Against the wishes of my husband and sons, I insisted on something because I thought it was "the right thing" to do. And, at the time, I fully believed it was the right thing to do.
But now, 4 months later, it seems that I was fundamentally wrong, because it turned out to be a very wrong thing, with repercussions that are going to diametrically alter my husband's family. Possibly forever.
I wrote the words possibly forever and I started crying over this, yet again. For 19 years I have fought this war to keep my husband/sons in touch with his mother/their grandmother. I have dialed the phone and put it in the husband's hands on the right days to call her...mother's day, her birthday, Thanksgiving and Christmas...I have struggled to work through every argument she and I had. I have held my tongue when I wanted to defend myself, my husband, my sons, because to do so would deepen the rift and possibly break the peace.

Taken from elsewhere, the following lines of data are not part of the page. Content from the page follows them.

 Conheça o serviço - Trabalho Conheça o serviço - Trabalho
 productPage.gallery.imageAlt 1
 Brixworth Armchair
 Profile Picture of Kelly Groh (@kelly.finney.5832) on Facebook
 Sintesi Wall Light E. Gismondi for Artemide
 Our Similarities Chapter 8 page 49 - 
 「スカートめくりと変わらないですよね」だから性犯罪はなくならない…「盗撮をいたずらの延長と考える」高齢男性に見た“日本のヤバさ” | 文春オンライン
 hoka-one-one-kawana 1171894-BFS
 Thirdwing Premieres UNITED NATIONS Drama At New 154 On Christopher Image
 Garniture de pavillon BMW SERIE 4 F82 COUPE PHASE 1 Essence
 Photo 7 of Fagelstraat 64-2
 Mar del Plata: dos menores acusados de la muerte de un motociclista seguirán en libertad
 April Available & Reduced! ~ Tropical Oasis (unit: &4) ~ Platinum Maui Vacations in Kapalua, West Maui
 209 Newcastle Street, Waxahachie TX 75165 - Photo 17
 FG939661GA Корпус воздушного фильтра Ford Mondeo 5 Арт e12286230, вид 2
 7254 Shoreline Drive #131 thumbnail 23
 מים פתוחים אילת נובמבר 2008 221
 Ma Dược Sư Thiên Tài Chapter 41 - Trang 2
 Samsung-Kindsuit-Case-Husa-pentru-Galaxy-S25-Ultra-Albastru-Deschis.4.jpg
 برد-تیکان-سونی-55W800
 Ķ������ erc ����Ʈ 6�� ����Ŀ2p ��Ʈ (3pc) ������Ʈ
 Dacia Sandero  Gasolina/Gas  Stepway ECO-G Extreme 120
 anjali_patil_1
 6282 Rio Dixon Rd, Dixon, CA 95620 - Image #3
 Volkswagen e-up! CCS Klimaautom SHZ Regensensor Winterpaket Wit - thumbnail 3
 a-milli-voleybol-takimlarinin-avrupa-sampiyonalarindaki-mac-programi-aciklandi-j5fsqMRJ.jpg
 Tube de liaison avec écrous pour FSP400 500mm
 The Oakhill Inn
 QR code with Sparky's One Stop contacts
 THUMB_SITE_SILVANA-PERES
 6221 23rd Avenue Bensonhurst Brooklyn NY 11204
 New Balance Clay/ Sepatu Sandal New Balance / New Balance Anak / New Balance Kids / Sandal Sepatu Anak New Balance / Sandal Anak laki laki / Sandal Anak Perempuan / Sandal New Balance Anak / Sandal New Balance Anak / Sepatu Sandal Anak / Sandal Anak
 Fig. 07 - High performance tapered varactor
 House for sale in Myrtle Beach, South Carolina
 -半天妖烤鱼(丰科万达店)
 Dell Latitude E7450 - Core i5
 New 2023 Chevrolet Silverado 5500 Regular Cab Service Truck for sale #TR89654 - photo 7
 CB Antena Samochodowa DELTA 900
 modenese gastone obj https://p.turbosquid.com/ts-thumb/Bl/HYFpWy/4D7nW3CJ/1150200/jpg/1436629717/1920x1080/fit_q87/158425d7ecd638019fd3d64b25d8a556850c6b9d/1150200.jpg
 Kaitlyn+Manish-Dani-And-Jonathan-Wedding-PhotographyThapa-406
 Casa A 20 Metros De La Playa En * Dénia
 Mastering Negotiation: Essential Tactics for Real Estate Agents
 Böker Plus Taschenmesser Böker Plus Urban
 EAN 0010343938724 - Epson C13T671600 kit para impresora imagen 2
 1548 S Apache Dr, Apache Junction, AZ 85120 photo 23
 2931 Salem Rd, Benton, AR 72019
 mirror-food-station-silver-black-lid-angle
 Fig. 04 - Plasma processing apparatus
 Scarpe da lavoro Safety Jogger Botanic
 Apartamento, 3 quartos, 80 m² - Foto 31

And now, 19 years later, I do something I believe is the right thing, and the war is over. The war is lost. I feel like I beat my head against the wall for 19 years for nothing. The beating is over, but my head still hurts. I cried myself to "sleep" last night (well, what passed for sleep) and I've walked around in a fog of numb all day.
In some ways I knew it was just a matter of time. One day I knew my tongue would slip and I'd be flip or something and things would be perceived the wrong way. But I never imagined this. Where I would do the right thing and basically be punished for it.
Anyway...It's over now. There's no way back that I can see. I should be relieved...but I am not. I am just sad.